YAI has developed an extensive network of volunteers around the U.S. and Canada. YAI works for the survival, protection, and development of children and women in Africa through fundraising, education, and advocacy.

YAI is a non-profit organization incorporated in the state of Massachusetts and is tax exempt under Section 501(c)(3) of the Internal Revenue Code. YAI is governed by an independent, non-salaried board of directors

Headquartered in Traverse City, Michigan, Youth Action International maintains field offices in three countries in Africa: Liberia, Sierra Leone and Uganda.

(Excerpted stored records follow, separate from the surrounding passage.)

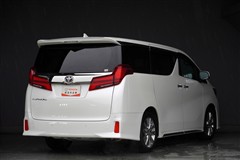 アルファード S タイプゴールド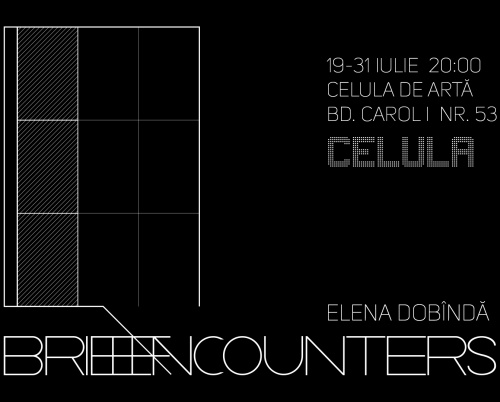 Brief Encounters – un live performance în luna iulie la Celula de Artă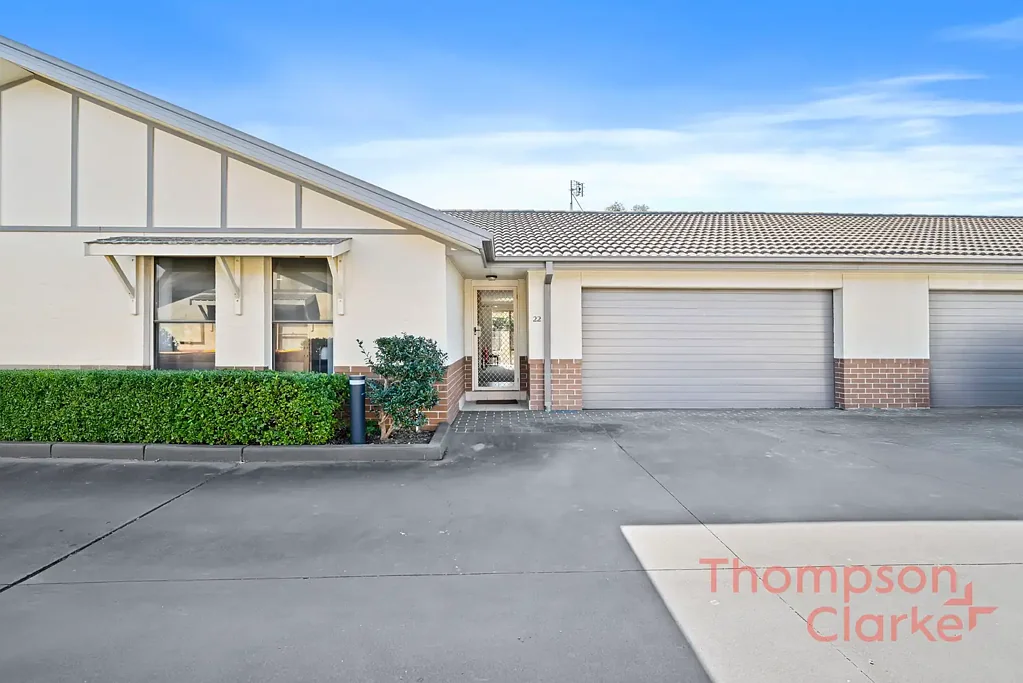 22/12 Denton Park Drive, Rutherford, NSW 2320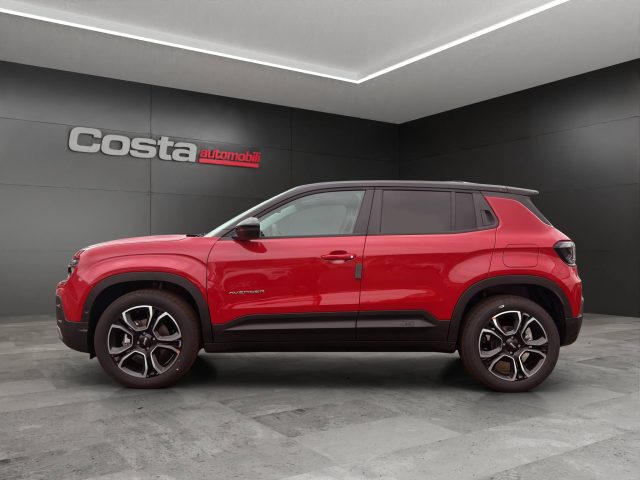 Jeep Avenger 1.2 Turbo 100 CV Summit - foto 4 di 20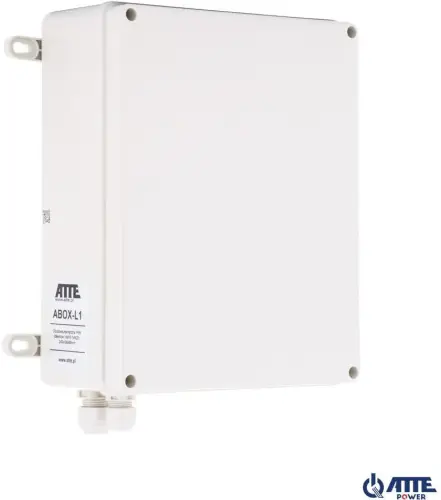 Zasilacz sieciowy SMPS 12V 6A 72W ATTE APS-70-120-L1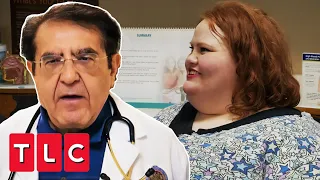 649LB Woman Impresses Dr Now With INCREDIBLE Progress On Her Weight Loss Journey | My 600-lb Life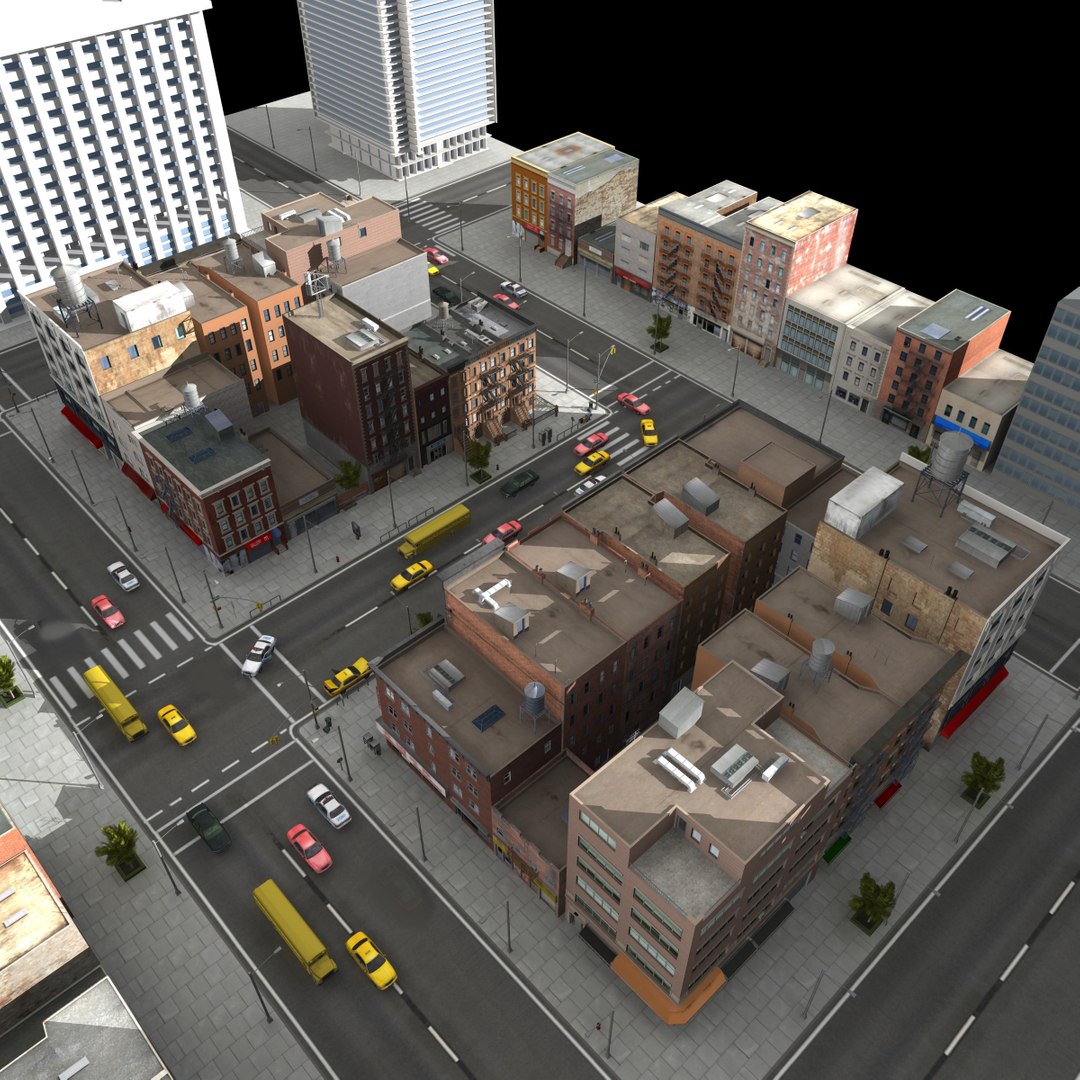2 Nyc 3d 3ds
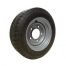 Wheel Rim & Tyre 185/60R12 5 Stud 165.1mm PCD No Offset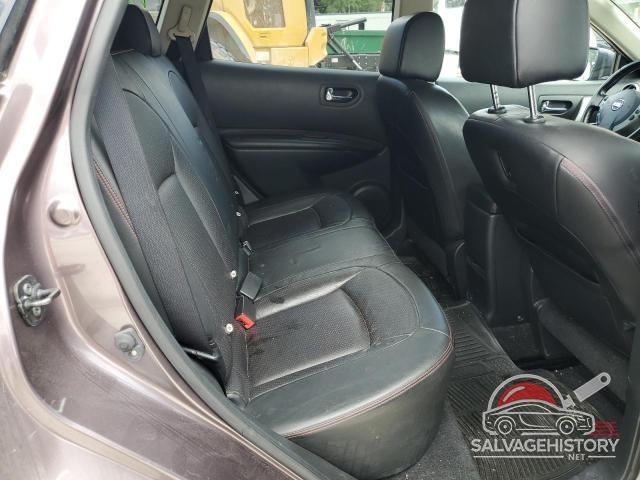 JN8AS5MT9AW500421 2010 NISSAN ROGUE photo no. 11
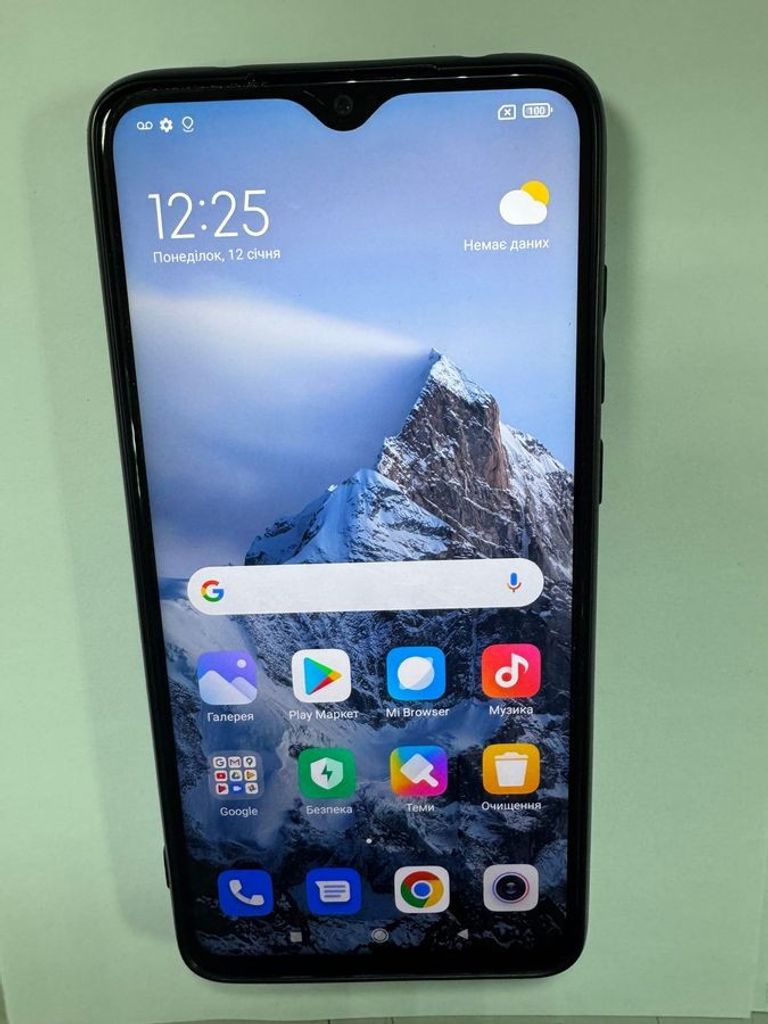 Купити Xiaomi Redmi Note 8 Pro 6/128GB Blue Б/У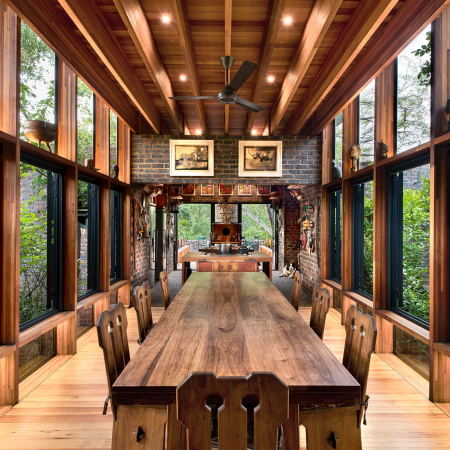 Villa von Frankie Pappas in S�dafrika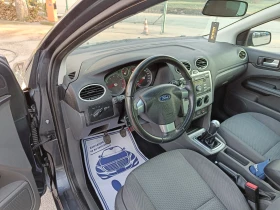 Ford Focus 1.6 GAZ-BENZIN115, снимка 10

In late 2022, Weeks served as Executive Director of YAI.

===Chapters===
YAI College Chapters support YAI's mission by educating their peers, faculty and staff of their colleges about YAI and its programs. They also fundraise for YAI programs.

Current Chapters
- Amherst College
- Bucknell University
- Marlboro College
- McGill University
- Middlebury College
- Mount Holyoke College
- Rutgers University
- Rye Neck High School - Kids with Sole
- Smith College
- State University of New York (SUNY) at Albany
- University of Minnesota

==Areas of focus==
- Scholarships and educational services
- Small business development (including micro-loans)
- Vocational training
- Agricultural/farming
- Health care and awareness

==Funding==
Financial support for its work is derived from voluntary contributions made by foundations, corporations, non-profit organizations, and individuals around the world as well as money raised through the efforts of YAI College Chapters and Kimmie Week's speaking tour.